Today, Juisci operates across Europe, the UK, U.S., and is expanding into LATAM, the Middle East, and Asia - proof that even in highly regulated fields, European startups can scale across borders with the right structure.

AI’s Future: Hype vs. Real Value

With each founder operating in AI-heavy sectors, Myrto closed the discussion by asking how they see the current AI wave reshaping their companies.

For Kostas, the key is staying focused on foundational technology rather than chasing every hype cycle. While Mysten Labs leverages AI internally, it remains committed to building blockchain infrastructure that can serve industries far beyond crypto. “You need to invest in depth, not distraction. The companies that win will be the ones thinking long-term, like Apple.”

Robin sees AI’s most exciting impact in information dissemination. With LLMs now reshaping how scientific knowledge is accessed, Juisci’s mission is to ensure healthcare professionals get reliable, verified information directly from trusted publications - countering misinformation while increasing global access to scientific knowledge.

Bertrand offered a sharp take on AI efficiency: “We don't need LLMs to do 2+2. Not everything requires giant models. The future is distributed AI - smaller, specialized models working together, with a focus on sustainability and cost.” For him, the real breakthroughs will come when companies design AI systems that are scalable, efficient, and economically viable over the long term.

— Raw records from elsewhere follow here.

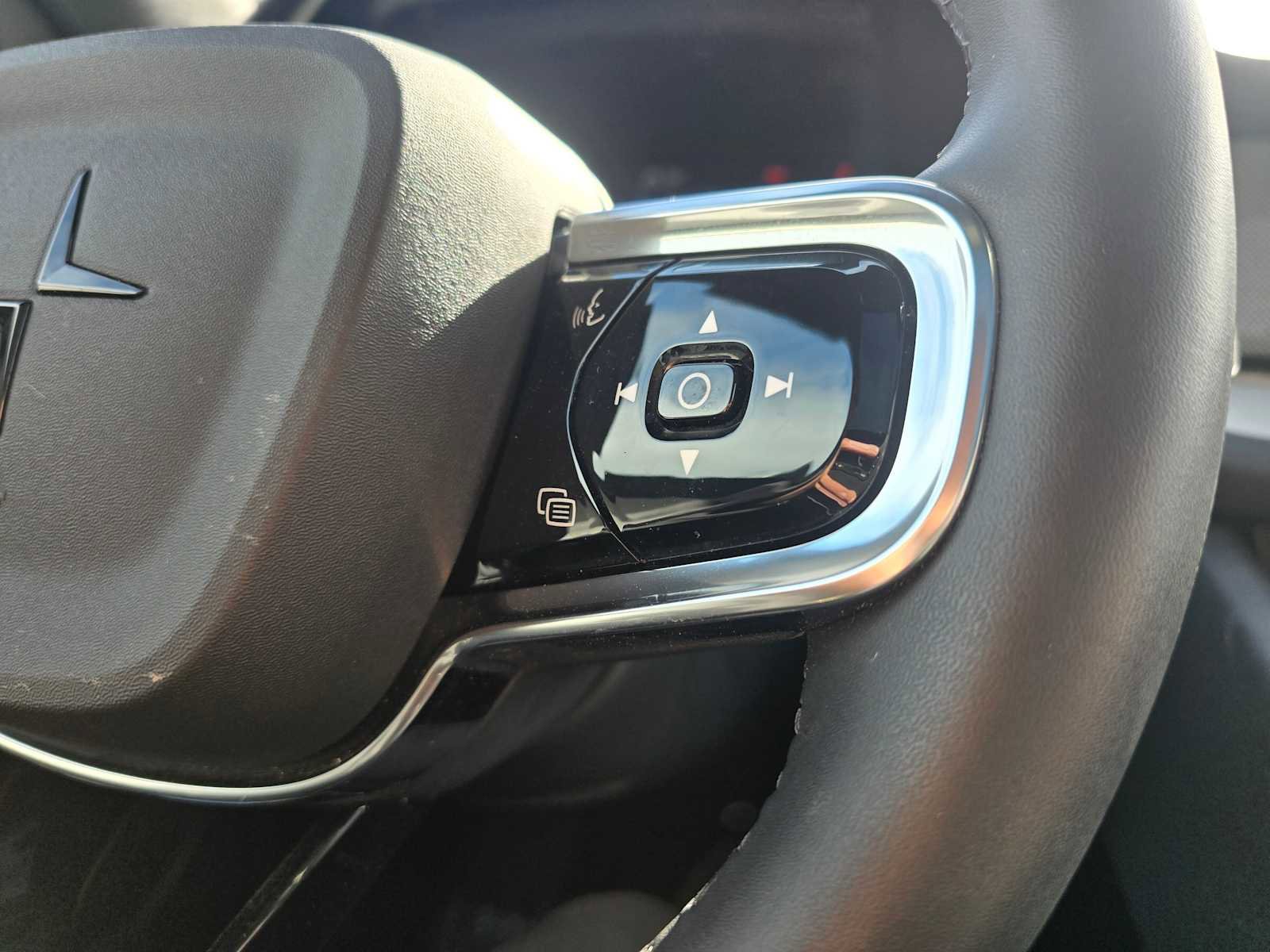 Used 2023 Polestar Polestar 2 w/ Pilot Pack image 32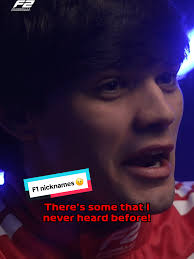 Revise Your F1 Nicknames: A Hungarian Perspective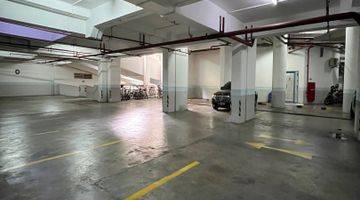 Gambar 4 Termurah! Apartemen Parama Unfurnished Bagus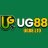 ug88ltd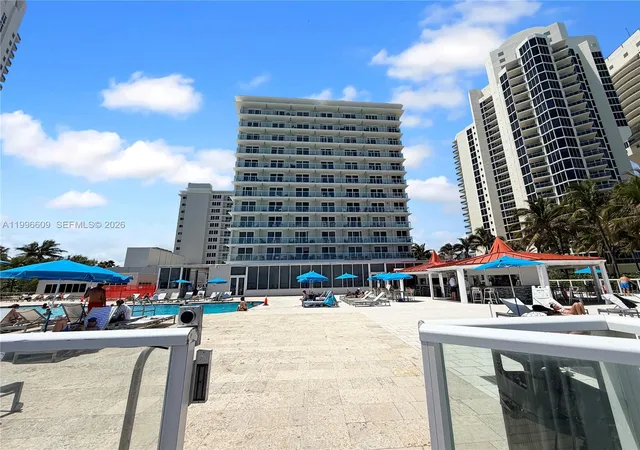 Homes for sale in Sunny Isles Beach, FL | 19201 Collins Ave #623, Sunny Isles Beach, FL 33160 | MLS# A11996609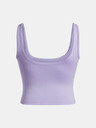 Under Armour Dámske tielko Under Armour Motion Tank EMEA-PPL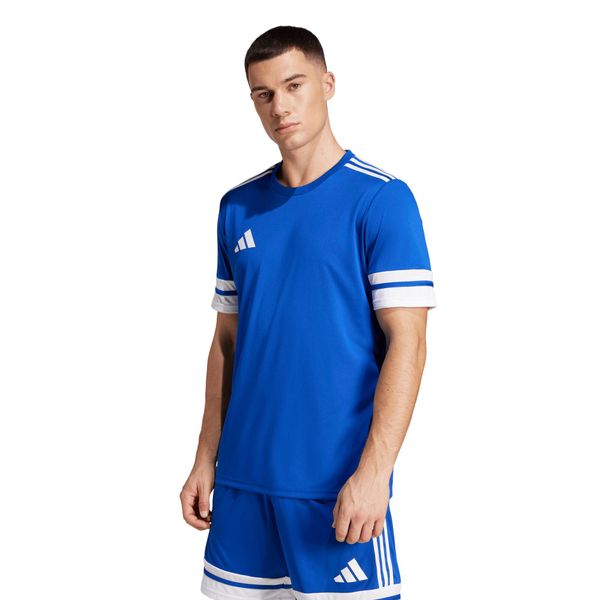 adidas Performance Fußballtrikot adidas Herren Set günstig online kaufen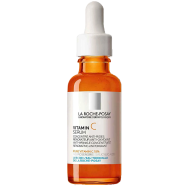 La Roche Posay Pure Vitamin C10 Serum - 30ml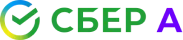 https://gybkin.gosfintech.ru/wp-content/uploads/2024/07/sberbank_logo_2020-1.png.webp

A Shared Message: Europe’s Time Is Now

Throughout the conversation, one theme kept emerging: Europe may have its challenges - from risk appetite to regulatory friction - but its talent depth, research strength, and cultural diversity make it uniquely positioned to lead the next wave of deep tech innovation.

As Bertrand put it, “The talent is here. We just need to keep it, empower it, and think big enough to compete globally.”